La question de l’habitude est donc moins simple qu’il ne pourrait sembler au premier abord. L’habitude comme quelque chose qui vient contrôler les flux corporels, car qu’est-ce que serait au juste un corps sans habitude, un corps sans répétition qui à chaque instant inventerait son fonctionnement ? C’est peut être la question posée par Beckett ou par certaines performances. Il y a des habitudes conscientes et inconcientes, voyez le corps, voyez la respiration, voyez le matin quand vous vous levez et que dans une semi-pénombre vous faites le café. Observez ce qui se répète, la bureaucratie, les poubelles, les sorties, les vernissages, les lectures, votre compte en banque, la manière dont vous descendez l’escalier pour aller dehors et cette autre façon que vous avez d’insérer votre clef dans la serrure.

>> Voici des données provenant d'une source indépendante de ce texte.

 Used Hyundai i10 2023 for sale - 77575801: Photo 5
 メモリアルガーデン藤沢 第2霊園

Les habitudes s’inventaient pour chaque corps jusqu’à l’obsession parfois mais elles étaient surtout politiques. C’étaient des symboles investis, surchargés d’un sens. Voyez l’impact des religions sur le réglage des corps. Une religion ce n’est peut être que cela, un contrôle des corps, une structuration par habitude, prière, nourriture, habillement, etc. Les habitudes circulaient de personne en personne selon certains vecteurs qu’on subsumait parfois sous le nom unique de culture ou de civilisation.

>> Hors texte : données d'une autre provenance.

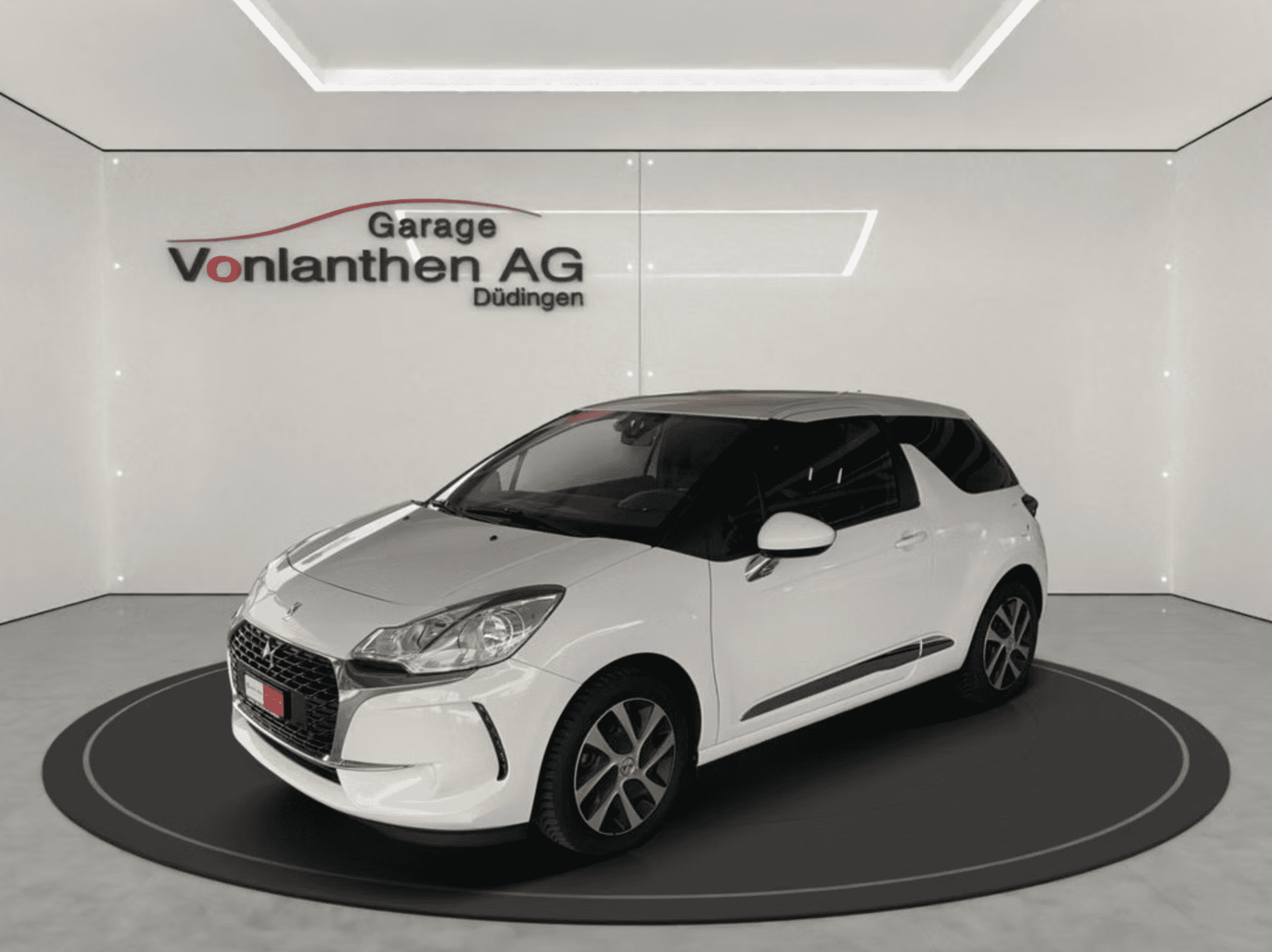 DS Automobiles DS3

Observons à présent ce qui advient avec le réseau. Les habitudes circulent, elles se traduisent de corps en corps, les images d’un corps investissent l’intimité de cet autre corps, elles se répandent (Dance with me). Elles étaient corps, elles sont devenues images, elles redeviennent corps, mais ce jeu de circulation a bien sûr tout changé, ce n’est pas le même corps, cela ne l’a peut être jamais été car un corps dès qu’il anticipe son enregistrement visuel et donc sa diffusion, sait qu’il y a d’autres corps, des habitudes qui sont leurs langages secrets, à chacun d’entre eux.